En Munay CP, trabajamos para aliviar el sufrimiento
Acompañamos con presencia y calidez a quienes transitan el final de la vida, así como a sus familias.
Lo hacemos a través de acciones concretas de acompañamiento, formación de voluntarios/as y promoción de comunidades compasivas que cuidan desde el amor, la empatía y el respeto.
Acompañamiento emocional y espiritual
Ofrecemos un acompañamiento centrado en las necesidades reales de cada persona, atendiendo su dimensión física, emocional, mental, espiritual y social.
Nuestro enfoque se basa en la escucha activa, la contención, el respeto por la singularidad de cada historia y la presencia real.
Acompañamos también a las familias y seres queridos durante el proceso y en el duelo, con sensibilidad, cuidado y humanidad.
Desde la bioética, la interculturalidad y la mirada holística, buscamos que cada persona se sienta respetada y digna hasta el último momento de su vida.
Formación para voluntarios/as, la comunidad y profesionales
Capacitamos a quienes desean acompañar desde el corazón y transformar su mirada sobre el final de la vida.
Nuestras formaciones integran saberes prácticos y reflexivos: cuidados paliativos, escucha activa, acompañamiento espiritual, ética del cuidado, trabajo en red, duelo y espiritualidad.
Fomentamos un razonamiento inductivo: partimos de la experiencia para generar conocimiento. Porque aprendemos acompañando y acompañamos aprendiendo.
Creemos que formar voluntarios es sembrar compasión, multiplicar el cuidado y construir comunidades más humanas.
Cultura del cuidado y Comunidades Compasivas
Impulsamos una cultura del cuidado como valor social. Trabajamos para instalar una nueva forma de pensar y vivir el acompañamiento: más cercana, más humana, más presente.
Promovemos el desarrollo de comunidades compasivas, entendidas como redes vivas de personas, instituciones y espacios que se comprometen activamente con el cuidado mutuo. A través de campañas, charlas, espacios de reflexión y acción comunitaria, sembramos conciencia y articulamos redes.

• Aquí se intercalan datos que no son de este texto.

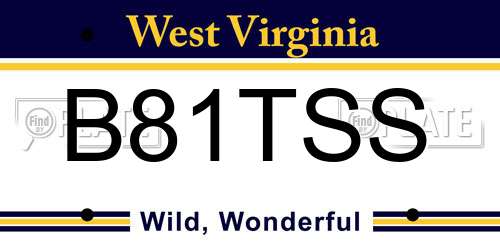 B81TSS West Virginia License Plate
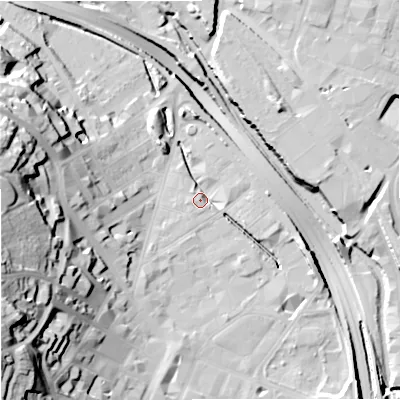 Shaded relief map of the ground around ST41AH, computed from Environment Agency LiDAR. The ground here sits at about 111 m above sea level and falls 40 m across the surrounding 800 m. Surface water reaching this point runs off ground lying to the west-south-west, 2.9 m higher.
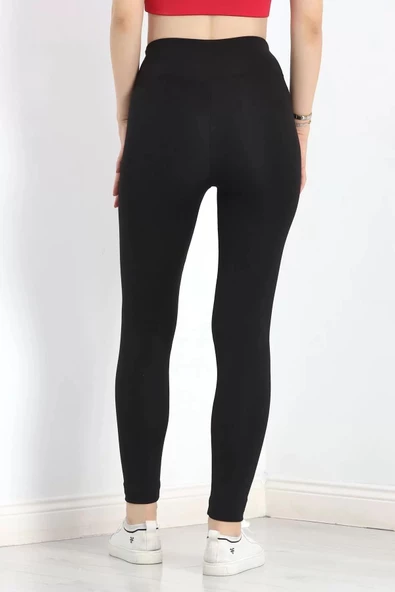 Şardonlu Geniş Kemer Dalgıç Tayt Siyah - 20116.1098. - 8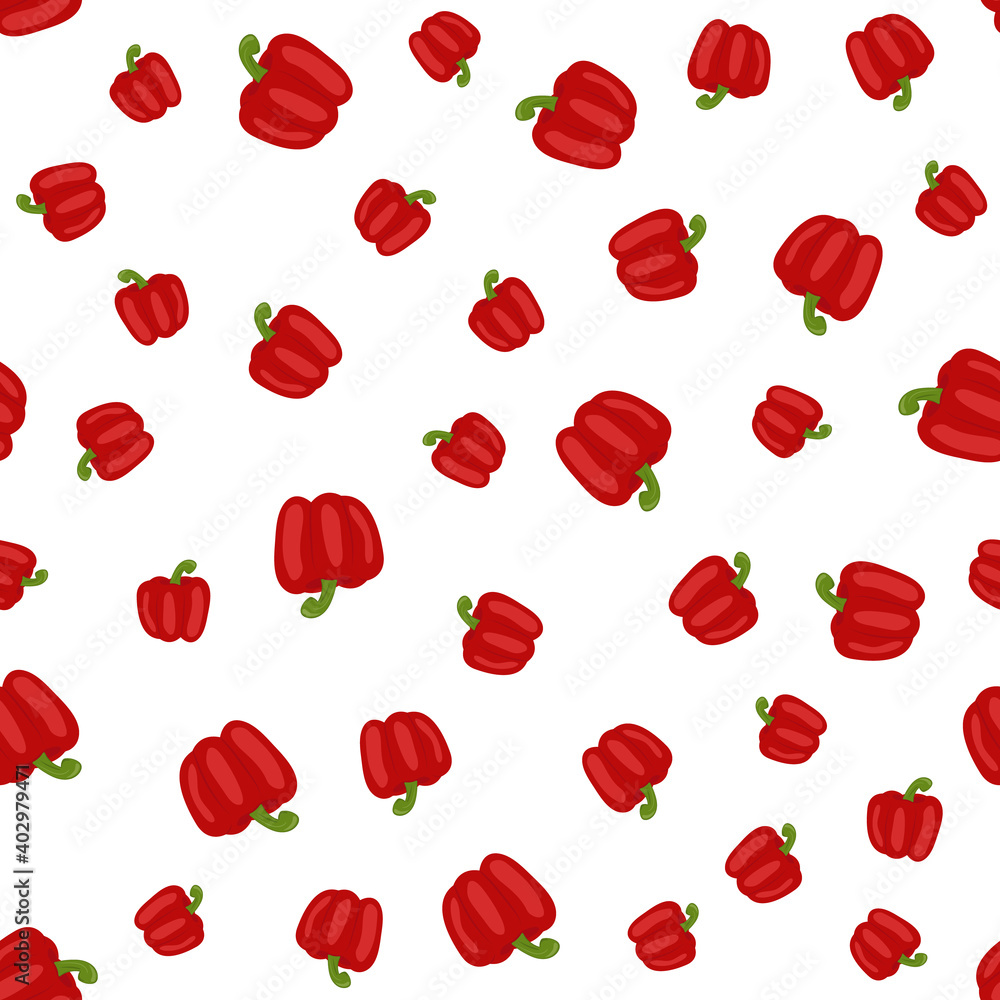 Fototapeta premium Seamless pattern with bell peppers, paprika on white background for kitchen, textiles, wallpaper, clothes and other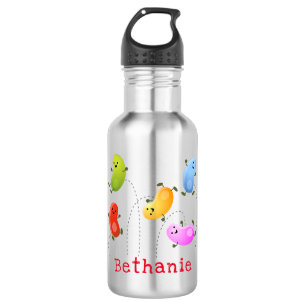 Mooie kwallen springen cartoon illustratie waterfles 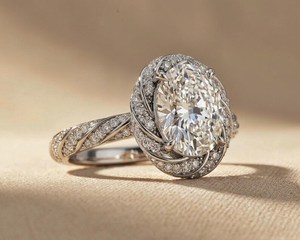 Sparkly 3CT Moissanite Oval Cut Classic Ring Rope Band 925 Sterling Silver For Unisex Anniversary Gift For <b>Wife</b> - Product Image 3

Desde una mirada y acción federal, acompañamos a distintas regiones del país en sus propios procesos de transformación. Lo hacemos respetando su identidad cultural, necesidades locales y capacidad de autogestión. Creemos que el cuidado no es responsabilidad exclusiva del sistema de salud, sino una tarea colectiva, un compromiso de toda la sociedad. Porque nadie debería atravesar la enfermedad, la vejez o el duelo en soledad.
MÁS INFORMACIÓN SOBRE CIUDADES COMPASIVAS
"Una ciudad compasiva es aquella donde nadie muere solo, ni vive el dolor sin ser acompañado."
"Cuidar también es un acto de amor. Y en Munay, lo hacemos cada día, con humildad y compromiso."